▶ Work instructions
As the lines appear below, please set them down exactly, starting at the first and finishing with the one containing "Accessories Nero Celia".

(Records from a data source)
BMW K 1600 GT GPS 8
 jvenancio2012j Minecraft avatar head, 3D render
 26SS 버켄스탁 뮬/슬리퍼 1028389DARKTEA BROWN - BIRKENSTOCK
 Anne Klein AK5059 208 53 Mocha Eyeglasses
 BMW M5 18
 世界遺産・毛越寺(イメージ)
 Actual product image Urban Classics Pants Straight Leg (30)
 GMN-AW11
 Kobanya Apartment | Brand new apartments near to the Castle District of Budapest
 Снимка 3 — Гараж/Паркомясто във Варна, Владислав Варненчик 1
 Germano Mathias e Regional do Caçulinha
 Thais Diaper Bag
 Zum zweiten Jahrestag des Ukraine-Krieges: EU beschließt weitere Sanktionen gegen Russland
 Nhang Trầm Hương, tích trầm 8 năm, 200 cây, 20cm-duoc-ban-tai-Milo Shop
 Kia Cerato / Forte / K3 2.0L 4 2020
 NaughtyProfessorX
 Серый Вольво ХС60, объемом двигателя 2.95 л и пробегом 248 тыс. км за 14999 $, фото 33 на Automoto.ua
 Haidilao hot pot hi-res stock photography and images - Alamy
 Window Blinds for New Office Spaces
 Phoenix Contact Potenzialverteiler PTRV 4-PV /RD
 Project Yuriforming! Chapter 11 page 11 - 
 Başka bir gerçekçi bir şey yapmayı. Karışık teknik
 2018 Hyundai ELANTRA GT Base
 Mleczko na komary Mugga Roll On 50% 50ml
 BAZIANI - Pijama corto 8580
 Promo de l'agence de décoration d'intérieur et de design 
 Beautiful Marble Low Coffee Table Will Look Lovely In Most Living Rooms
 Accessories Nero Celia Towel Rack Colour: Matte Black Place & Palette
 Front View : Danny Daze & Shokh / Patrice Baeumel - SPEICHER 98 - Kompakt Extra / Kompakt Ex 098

▶ Problem solution
BMW K 1600 GT GPS 8
 jvenancio2012j Minecraft avatar head, 3D render
 26SS 버켄스탁 뮬/슬리퍼 1028389DARKTEA BROWN - BIRKENSTOCK
 Anne Klein AK5059 208 53 Mocha Eyeglasses
 BMW M5 18
 世界遺産・毛越寺(イメージ)
 Actual product image Urban Classics Pants Straight Leg (30)
 GMN-AW11
 Kobanya Apartment | Brand new apartments near to the Castle District of Budapest
 Снимка 3 — Гараж/Паркомясто във Варна, Владислав Варненчик 1
 Germano Mathias e Regional do Caçulinha
 Thais Diaper Bag
 Zum zweiten Jahrestag des Ukraine-Krieges: EU beschließt weitere Sanktionen gegen Russland
 Nhang Trầm Hương, tích trầm 8 năm, 200 cây, 20cm-duoc-ban-tai-Milo Shop
 Kia Cerato / Forte / K3 2.0L 4 2020
 NaughtyProfessorX
 Серый Вольво ХС60, объемом двигателя 2.95 л и пробегом 248 тыс. км за 14999 $, фото 33 на Automoto.ua
 Haidilao hot pot hi-res stock photography and images - Alamy
 Window Blinds for New Office Spaces
 Phoenix Contact Potenzialverteiler PTRV 4-PV /RD
 Project Yuriforming! Chapter 11 page 11 - 
 Başka bir gerçekçi bir şey yapmayı. Karışık teknik
 2018 Hyundai ELANTRA GT Base
 Mleczko na komary Mugga Roll On 50% 50ml
 BAZIANI - Pijama corto 8580
 Promo de l'agence de décoration d'intérieur et de design 
 Beautiful Marble Low Coffee Table Will Look Lovely In Most Living Rooms
 Accessories Nero Celia Towel Rack Colour: Matte Black Place & Palette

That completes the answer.